The main benefit for me is learning through implementation. It's hard to do something I'm not interested in, unfortunately not into audio right now. KZbin monetization is terrible right now, so it's hard to find a reason to do this tedious animating over other cool projects. The main target for these videos were people that happened to search the algorithms. You're right that people who follow the channel would get lost in the random topics. I'll keep this in mind if I find time and motivation to continue.

It's just a preview to show the shape being created. Figured it was hard to tell what's going on without it. The model is created from a signed distance function of a torus.

@@algorithmsvisualized9025 but it looks like the algorithm requires the preview shape in order to find the intersections. So it looks like the shape must exist before the algorithm takes place.

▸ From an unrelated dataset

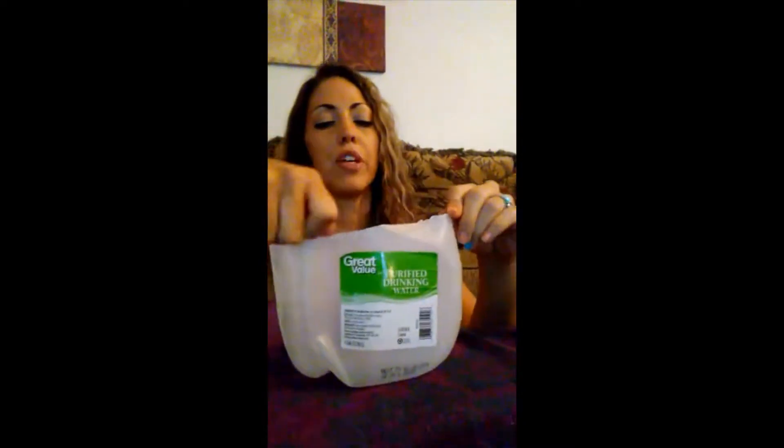All you have to do is save one of these regular water gallons and take a box cutter — I got one for about a dollar at Walmart. You need to be really careful because you can cut yourself. Just cut the edge off of it. Make sure you don't do it with your finger because the plastic is sharp and you could hurt yourself.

​@@danielgalvez7953 The algorithm is for creating a triangle mesh. You need to have those intersection points and normals as input (or a way to calculate them at runtime). How you find the intersection points and normals depends on what data you're working with, I didn't consider it as part of the algorithm. Same is true for marching cubes, but you don't need the normal vector. If I remember correctly in the paper they used it like a 3D model format by storing the octree in a file and then running the algorithm on that. Then they could edit the octree at runtime resuling in a 'destructibe' mesh. In this video I used signed distance field of torus which has an analytical solution, although I believe I was lazy and just did a linear search over the edge for the intersection point.

@@algorithmsvisualized9025 i see thank you

Can you be more specific about what's wrong? I know that I left out a lot of details (the process of making these videos was time-intensive and it was aimed to be more like an overview).

@@algorithmsvisualized9025 I think I am specific, the points pi are not points of the implicit surface (torus in your example) but approximations (linear interpolations from the corner points where there is a sign change). From the video it seems the solutions are exact, which they are not, and it is possible to have no solutions at all as the normals at the point pi could point outward and not inward. Perhaps an idea (if it is not a lot of work) to put minus/plus signs at the corners of your cube to indicate a change of the isovalue. Also to draw a tangent plane at the computed vertex position could be helpful to explain the QEF. I know it takes a lot of time to produce these videos, and it is difficult to convey these ideas, you did a great job in any case. Don't take my comment as criticism, merely as an addendum. Thanks for the video.

@@gummybears6125 I see what you mean, it's not unambiguous in the video. I'll keep in mind if I ever create more/redo them. Thanks for the feedback.

The generated mesh look pretty damned awful.

@@RealisiticEdgeMod the low poly count was because of the size of the cubes being used. If there were smaller cubes, there would be more cubes to fill the volume, and so there would be more polygons, and the mesh would look smoother. This video was just a mathematical demonstration.